Ahead of the April series premiere of the series, which follows six couples on the verge of marriage who must decide to fully commit or move on, the show was renewed for a second season.
Along with Coelen, Eric Detwiler, Sarah Dillistone, Stephanie Boyriven, Kelly Montalvo and Chris Cullen serve as executive producers. Real-life couple Nick and Vanessa Lachey, who also hosted Kinetic’s “Love Is Blind” return as hosts.
“It’s based in a very real, relatable conversation and situation for many, many people — either you’ve been in that situation or you’ve known people who are in that situation,” Coelen previously told Variety of how the show came about. “What’s fascinating is when you actually look at the reasons that people give for not being ready, there are a multitude of reasons — ‘I come from a family background of bad relationships. I don’t want to repeat my past’ or ‘I’m not ready, I’m too young’ or ‘I need to be financially stable.’ There may be some validity to some of those reasons, but the real reason is that they’re not sure that they want to marry this person that they’re with. Most of those things that they say are our excuses, and it’s very common.”
While the first season of the show featured all male-female matches, Season 2 will follow an LGBTQ+ cast, something that Coelen was passionate about incorporating into his show — and is still looking at ways to do with his other projects, including “Love Is Blind” and “Married at First Sight.”
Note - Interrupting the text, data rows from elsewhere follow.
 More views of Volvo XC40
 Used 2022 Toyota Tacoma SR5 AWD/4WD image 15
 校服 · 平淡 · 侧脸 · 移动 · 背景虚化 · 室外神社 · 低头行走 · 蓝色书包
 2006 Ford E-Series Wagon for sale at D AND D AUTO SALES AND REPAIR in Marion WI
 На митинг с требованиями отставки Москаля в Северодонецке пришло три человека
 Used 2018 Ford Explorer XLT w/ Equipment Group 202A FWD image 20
“I think we figured out how to do it in. For ‘Married at First Sight,’ if we had a couple that we felt like was a good match, that’s something we could certainly look at exploring in the future. It’s certainly something that we’re actively looking at in in our other shows,” he says. “To me, the opportunity to tell lots of stories from lots of different people is really exciting and it’s less so about the particular format that we tell those stories in and more about the fact that we’re telling those stories.”